The IDA should change its successful strategy in attracting foreign investment to highlight how Ireland is embracing climate actions, and providing opportunities for those wishing to decarbonise, an EPA conference has been told.
That was the verdict of the climate advocate, Dr Edward Cameron, a Dubliner based in the US who has advised governments on how best to respond to climate disruption – and previously worked for the World Resource Institute.
The IDA approach was one of the greatest success stories of his lifetime, he said at the conference, the theme of which was Ireland becoming a climate leader.
The compelling mix – a young, capable English-speaking workforce; low corporation tax and access to the EU single market – had worked. The tagline in attracting international investment would, however, have to change form “at the heart of Europe” to “at the heart the new climate economy” if that success was to continue backed by being a genuine green economy, he said.
In addition, public procurement would need to change from taking the lowest cost option, to accepting the lowest carbon option, Mr Cameron said.
Planning and zoning issues had to be addressed as the decision by Apple to move investment from Athenry to Copenhagen indicated companies who cannot access renewable energy from the grid or cannot build their own on-site renewable power source "will pick up and go elsewhere".
Globally, the focus needed to shift beyond talk of “climate apocalypse” though there was only limited time to address the issue. It was all solvable with technological and financial innovations.
“The real tragedy of climate change is that it undermines human rights; people’s right to food, health and life – and that it disproportionately affects the marginalised and the vulnerable,” he added.
Others were seizing opportunities in "the new climate economy". China, he noted, had committed to have 20 per cent of its energy needs from renewables by 2020, equivalent to all the energy consumed in the US over a five-year period. This was part of move that would see it become "the clean energy superpower of the 21st century".
Minister for Climate Action Richard Bruton said the declaration of a national climate emergency by unanimous Dáil vote was more than symbolic, and signalled politicians wanted to take a leadership role.

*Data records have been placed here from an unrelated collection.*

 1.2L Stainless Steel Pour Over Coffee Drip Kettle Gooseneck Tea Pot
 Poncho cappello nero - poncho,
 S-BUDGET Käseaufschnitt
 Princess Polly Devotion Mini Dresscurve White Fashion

The vote was “not giving an individual super powers in war time” but it was recognition Ireland was 95 per cent off target on its commitments, which was not acceptable for a wealthy country.

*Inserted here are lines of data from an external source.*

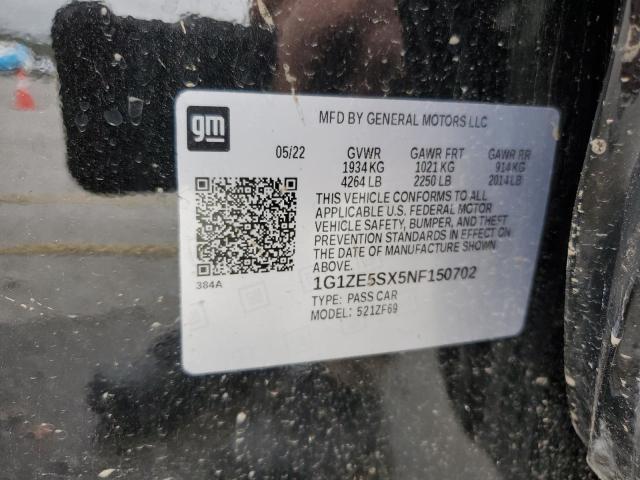 2022 CHEVROLET MALIBU PRE - 1G1ZE5SX5NF150702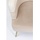 Kare DESIGN Sessel Sandwich Stoff Beige Creme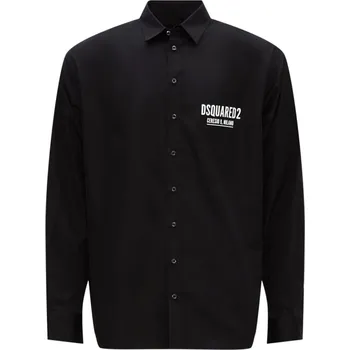 Pánská košile Pánská košile Dsquared2 S74DM0731 černá Velikost: 50 IT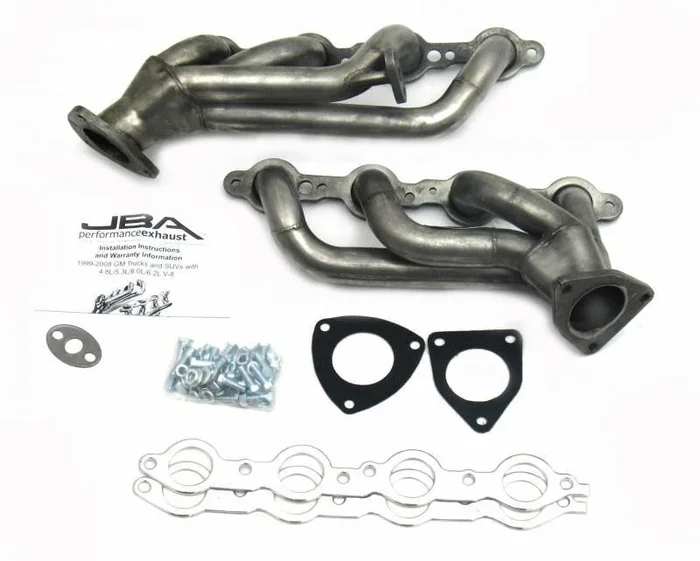 JBA Shorty Headers GMC Yukon XL 6.0L (99-02) CARB/Smog Legal 1 5/8 ” – Silver Ceramic or Raw Finish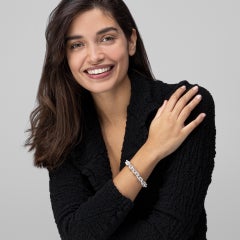 Alex Jona Pulsera de cadena de eslabones de plata de ley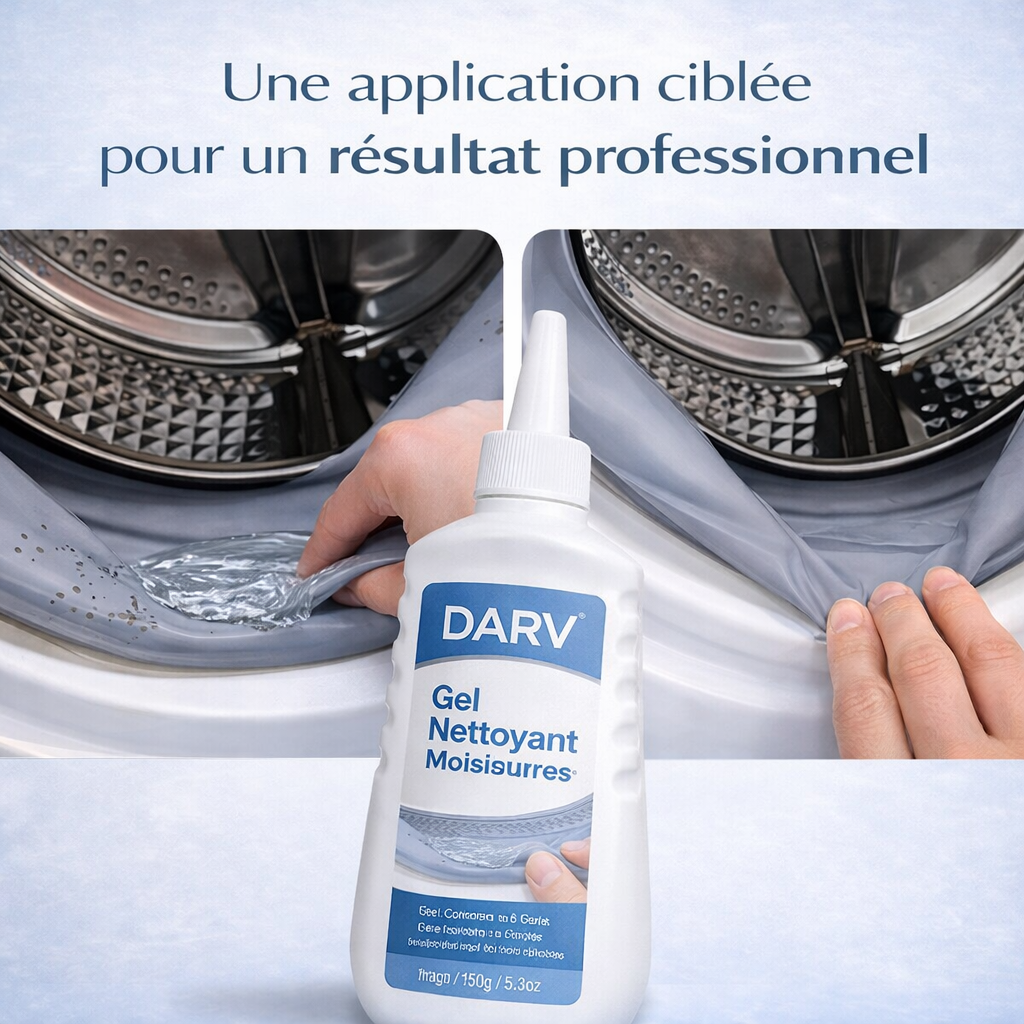 Pack de 2 Gels Nettoyant Darv anti moisissures - (gants de protection offerts )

He said there was a risk of divisions opening up during move to a decarbonised Ireland. Sectors should not be set against one another, while fairness was essential for a just transition.
In that difficult mix would be climate deniers; "many purveyors of magic bullets that simply don't work", and those who say "let big oil pay" when people needed to be weaned off fossils fuels or "let China or India pay" – a view he heard expressed in surprising quarters.
Mr Bruton confirmed Ireland would only reduce its emissions by 1 per cent in 2020, when it had promised to achieve a 20 per cent reduction. This would result in having to buy compliance of up to €150 million in 2020 – “buying out our failure” – with a risk those fines could escalate dramatically in following years.
The Minister for Finance would shortly begin consultation on increasing carbon tax in the 2020 Budget and on how those revenues should be used. The tax was likely to ultimately reach €265 per tonne of CO2 by 2050, Mr Bruton added, which would concentrate minds in switching away from fossil fuels.
The Government's climate plan due to be published shortly would include sectoral targets and set out pathways to reduce Ireland carbon footprint in the least burdensome and least costly way. It would be driven by the Department of the Taoiseach and be subject to yearly reviews, he confirmed.